Weil der Lüfter nach der Chiptemperatur und nicht nach Wandler oder Vramtemperaturen geregelt wird was bei Modellen wie dem Extreme 3 und dem MK 26 dazu führt das der Chip mit geringster Drehzahl der Lüfter zwar anständig kühl bleibt, dadurch aber sehr wenig Frischluft an die Wandler und Vrams gelangt.


----------



## Rizoma (13. November 2013)

Dissi schrieb:


> 1. Wo bitte nimmst du die Info her, das Wärmeleitkleber generell besser Wärme leitet als Pads? Meines Wissens ist der Unterschied wenn überhaupt so gering das es völlig egal ist, beim Kleber gibt es hingegen immer das Problem, dass dieser schwer bis überhaupt nicht mehr löslich ist, bei Pads siehts wieder anders aus.
> 
> 2. Außerdem ist es das Problem von Arctic wenn sie keine passenden Kühler für die Wandler bereit stellen, immerhin wurde der ACX III bereits für die neuen Karten freigegeben.
> 
> ...



1. Jahre lange Erfahrung und da dir das nicht reichen wird habe ich mal Einkaufslinks raus gesucht wo der Onlineshop diese werte angibt

Alphacool - CPU Kühlung und Wasserkühlung sowie PC-Cooling und Silent-PC Artikel von Alphacool - Alphacool Wärmeleitklebepad doppelseitig 100x100x0,5mm 12096
Caseking.de » CPU-Kühler » Wärmeleitpaste & Pads » Arctic Silver Alumina Wärmeleitkleber - 5 Gramm Set

Das Pad hat 1W/mk und der Kleber >9W/mk Wärmeleitfähigkeit

2. Ich habe klar sind die Bauteile relativ universal gehalten aber es finden sich immer genug um eine Karte richtig zu bestücken ich dürfte bestimmt noch 10 solcher elemente die ich nicht gebraucht habe über haben also Liegt mehr als genug beim ACX dabei

3. Wo soll da das Problem sein wenn die Kühlerchen richtig angebracht sind reicht es aus den Acx von der Graka steuern zu lassen. Das was du hier als Problem darstellst habe ich bei keinem hier im Forum gesehen. Im Gegenteil hier im HD7950/70 OC Thread sind ausnahmslos alle von dem Kühler begeistert niemand klagt über VRM Temps

Übrigens hier ist ein R9 290 Umbau Tutorial von tomshardware und da sieht man schön das alle teile die man benötigt vorhanden sind. http://www.tomshardware.de/r9-290-accelero-xtreme-iii,testberichte-241421-3.html


----------



## Sirthegoat (13. November 2013)

Die Werte bei Shops sind von den Hersteller angegeben und geben im übrigens in keinster Weiße an wie gut oder schlecht das Endresultat der Temperaturen aussieht.
Das Problem das verschiedene Bauteile nicht richtig mit den gelieferten Kühlern versehen werden können stammt nicht aus meiner persönlichen Erfahrung, ich habe nur die Probleme des Testers aus dem H4U Preview wiedergeben.

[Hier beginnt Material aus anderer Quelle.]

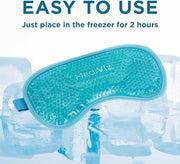 Cooling Gel Eye Mask- Reusable Cold Eye Mask for Puffy Eyes, Allergies, Sinuses - Soothes Dark Circles & Aids with Headach...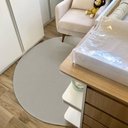 Ver imagem 2 de Tapete Boho Redondo Ø140cm Areia - Antiderrapante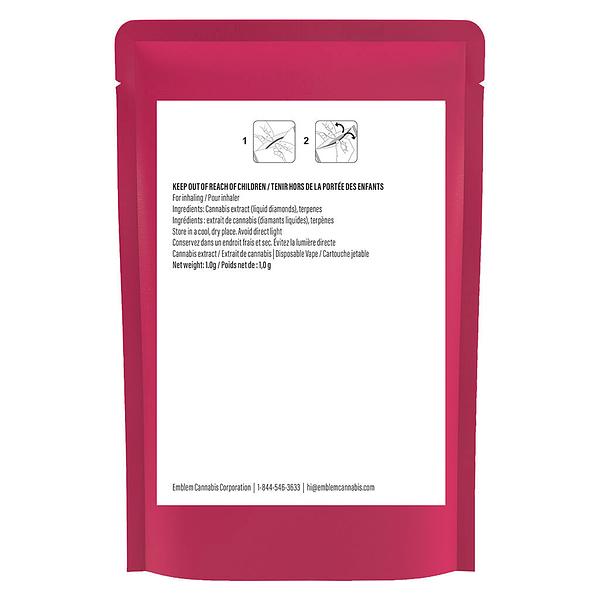 Flava - Raspberry Rush Liquid Diamond 510 Thread Cartridge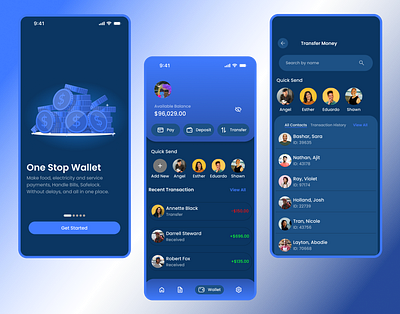 Bluey design fintech ui uiux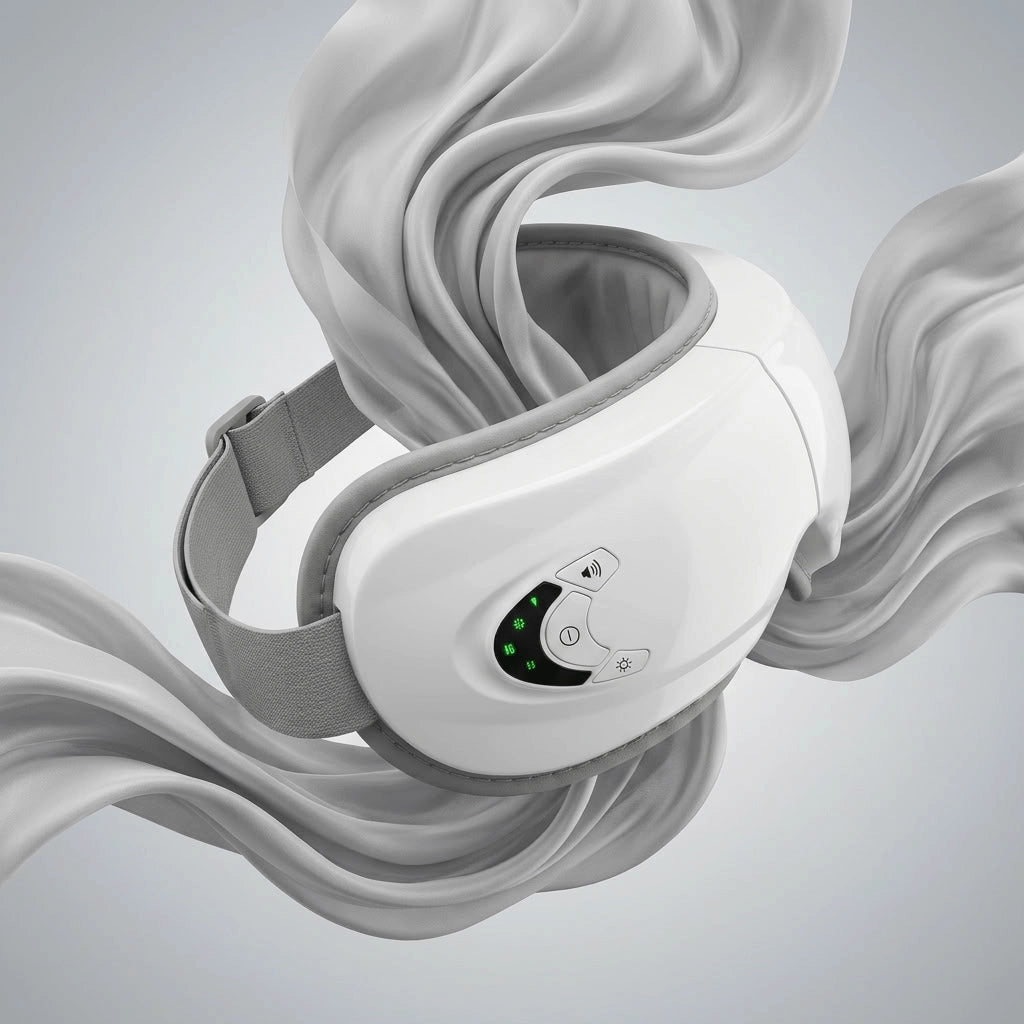 Sleek heated eye massager with modern minimalist design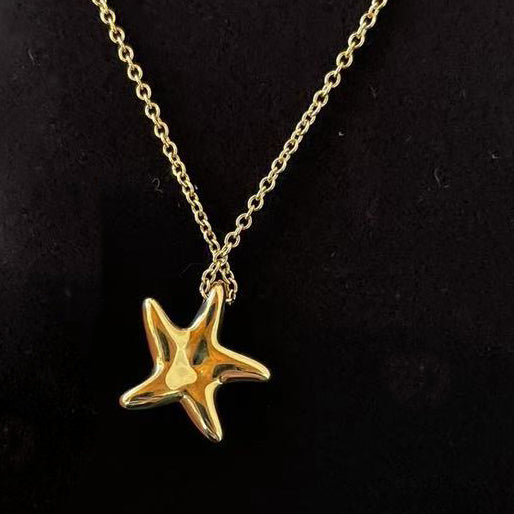 TIF42788240 light gold starfish pendant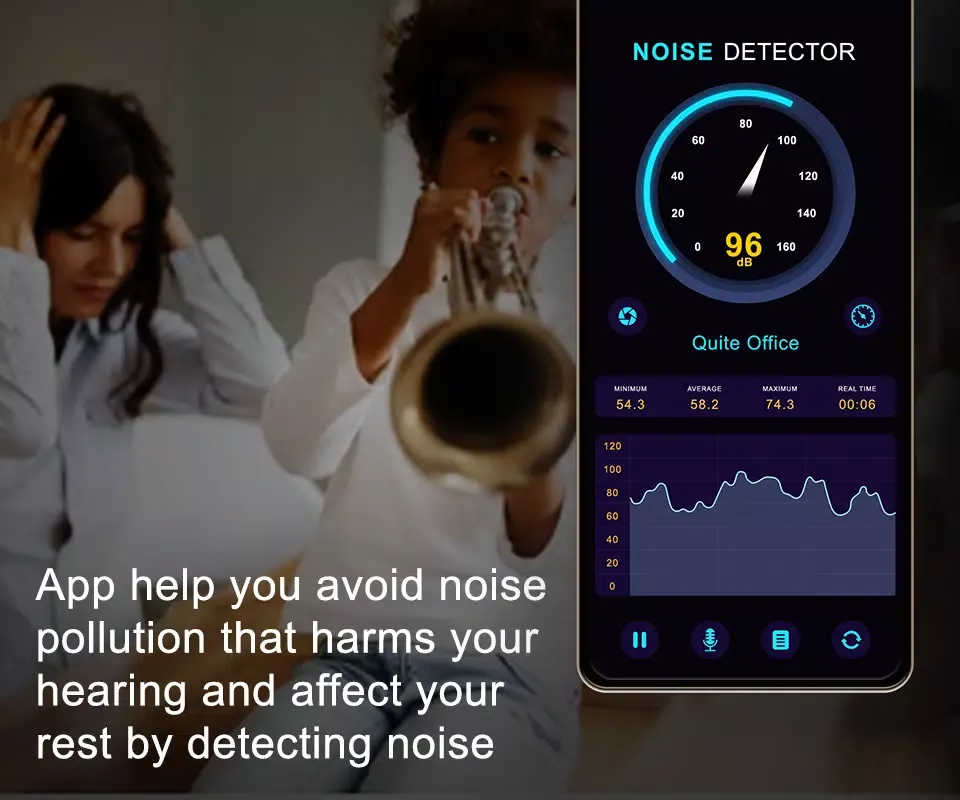 Screenshot di Camera & Audio Noise Detector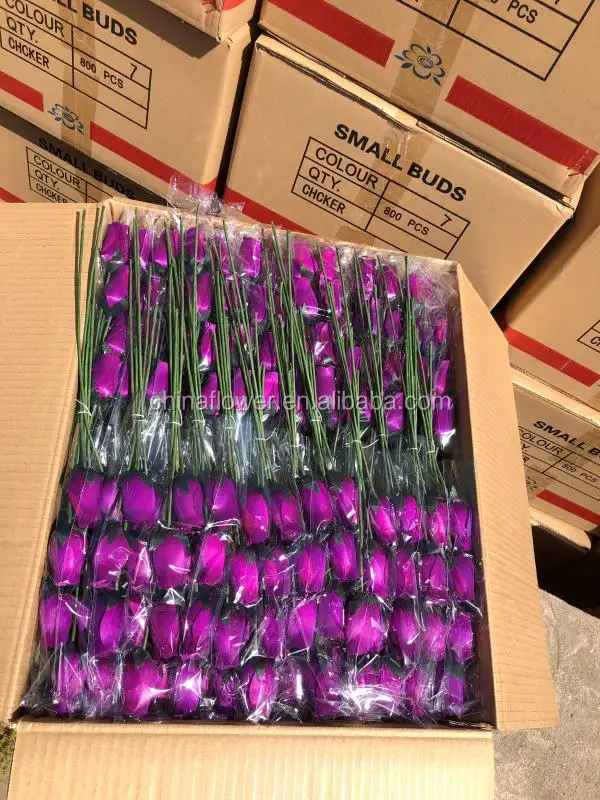 Fcd1103 Factory Supplied Red Artificial Flowers Wooden Roses For Sale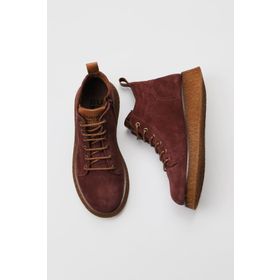 Bueno Shoes 01WV5204 Bordo Süet Kadın Bot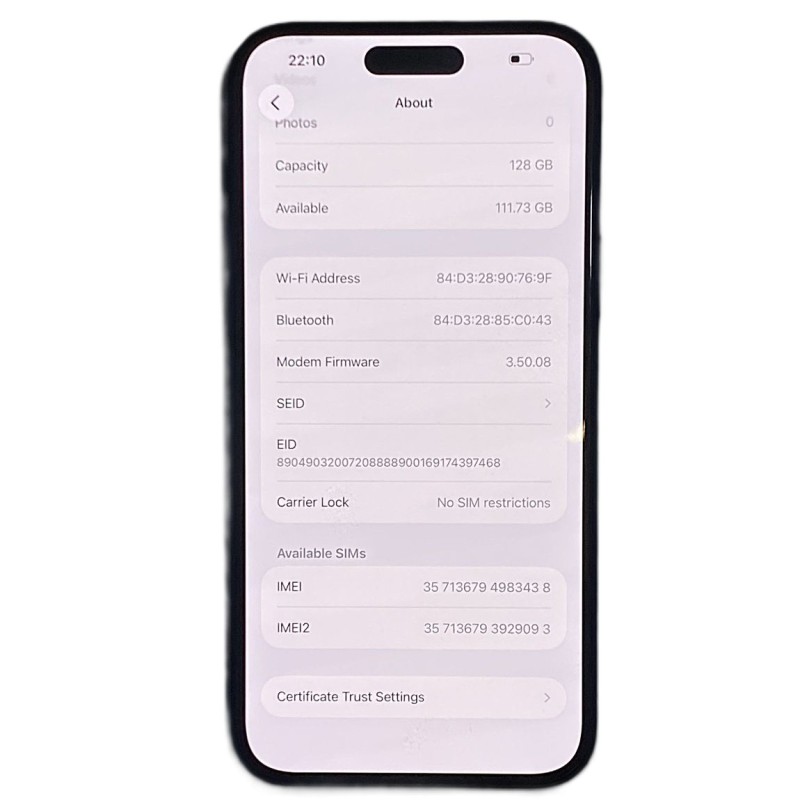 iPhone 15 Plus /128GB/-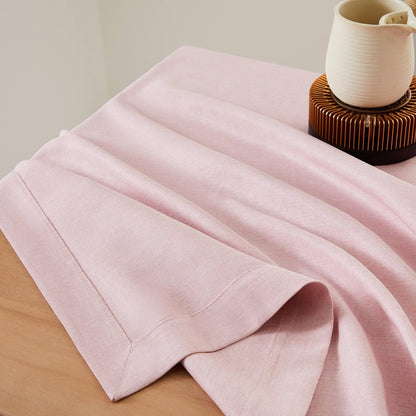 ZeeMart Linen Textured Rectangle Table Cloth, 60x104 Inch Pink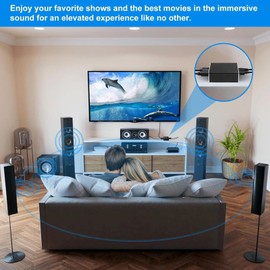 4K HDMI Audio Extractor, HDMI Audio Converter, Convert HDMI to Optical S PDIF 3.5mm AUX, Sound Extractor Adapter Splitter Converter for TV Box, Speaker, Amplifier, Headphone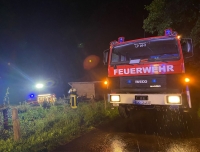 Am 28. August 2021 brannte im Lichtenfelser Ortsteil Münden ein Holzschuppen.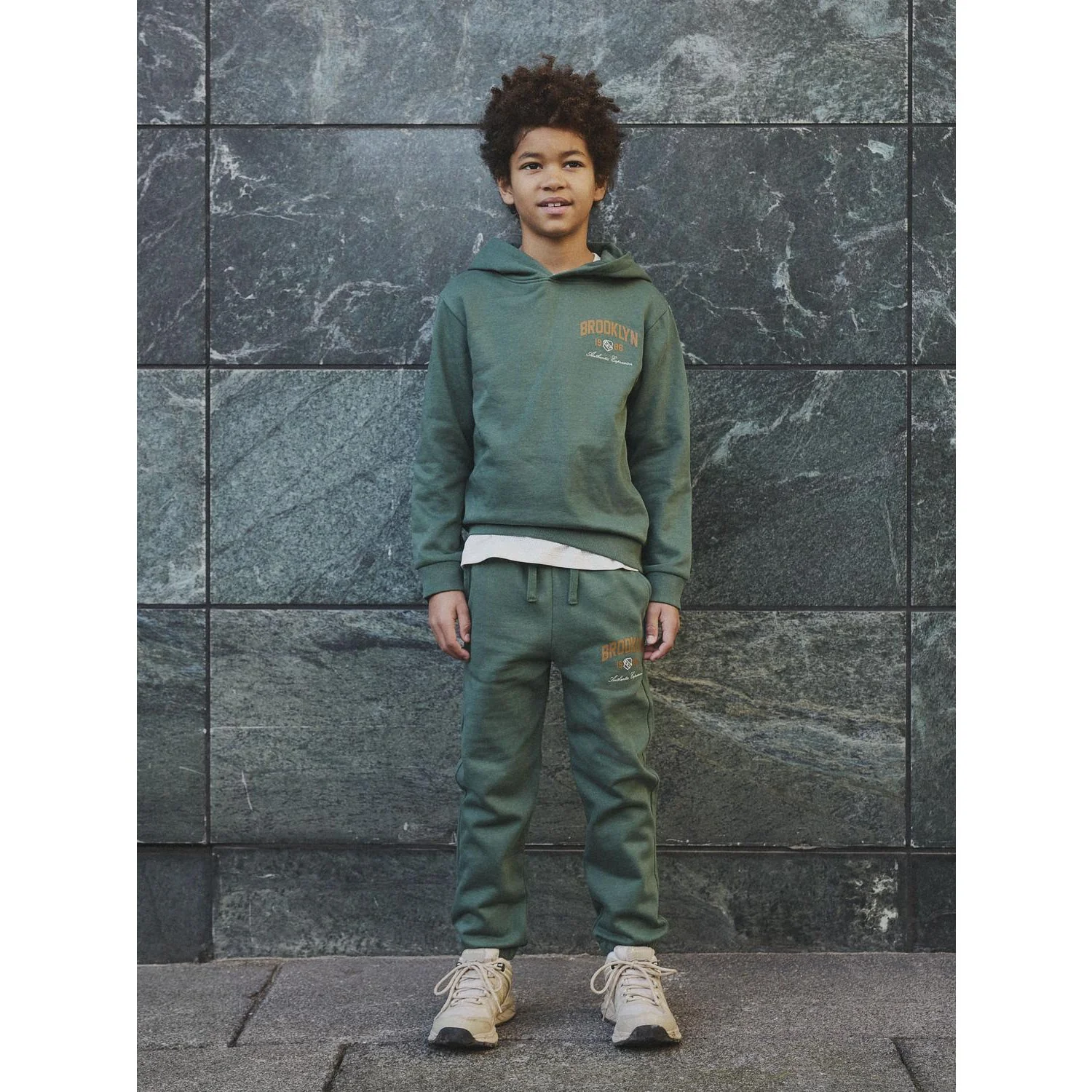 Name It Garden Topiary Nkmnewi Nreg Sweat Pants Bru - Image 2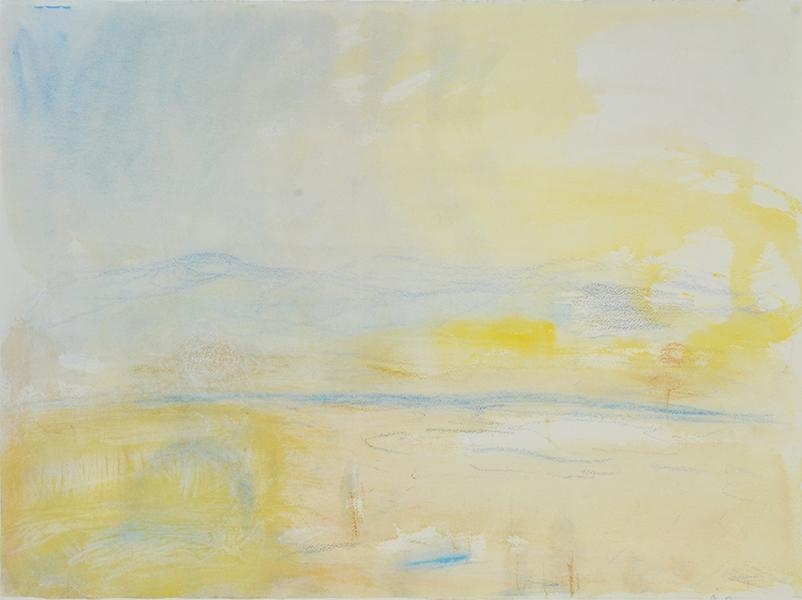 Artwork by Lloyd Rees, Morning Light at Karinya, Made of offset lithograph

Das Problem das die Spannungswandler mit Alternativkühlern wie dem Mk26 und ACXIII relativ schlecht durch die sehr langsamen Fans gekühlt werden ist seit längerem bekannt und wurde in vielen Tests zu den Kühlern ausdrücklich erwähnt.


----------



## Rizoma (13. November 2013)

Dissi schrieb:


> Die Werte bei Shops sind von den Hersteller angegeben und geben im übrigens in keinster Weiße an wie gut oder schlecht das Endresultat der Temperaturen aussieht.
> Das Problem das verschiedene Bauteile nicht richtig mit den gelieferten Kühlern versehen werden können stammt nicht aus meiner persönlichen Erfahrung, ich habe nur die Probleme des Testers aus dem H4U Preview wiedergeben.
> 
> Das Problem das die Spannungswandler mit Alternativkühlern wie dem Mk26 und ACXIII relativ schlecht durch die sehr langsamen Fans gekühlt werden ist seit längerem bekannt und wurde in vielen Tests zu den Kühlern ausdrücklich erwähnt.



Ein Hersteller von Klebepads wird sein Produkt nicht schlechter bewerben als es ist oder? Du hast eine 7970 wie sehen deine VRM Temps mit OC nach einem Lauf Heaven Benchmark 4.0  aus ?




			Dieser Inhalt steht nur eingeloggten Mitgliedern zur Verfügung.
        



Wie du siehst 80°C bei molligen 25°C Raumtemperatur


----------



## ruyven_macaran (13. November 2013)

Dissi schrieb:


> Die Werte bei Shops sind von den Hersteller angegeben und geben im übrigens in keinster Weiße an wie gut oder schlecht das Endresultat der Temperaturen aussieht.


 
Allein durch die Dicke der Pads hast du einen deutlich schlechteren Wärmeübergang. Unterm Strich sollten die Werte der klebenen Varianten nicht schlechter sein, als die der nicht klebende. Wer hier hat ein Wärmeleitpad auf seiner CPU und glaubt, dass es so gut wie Paste ist?


----------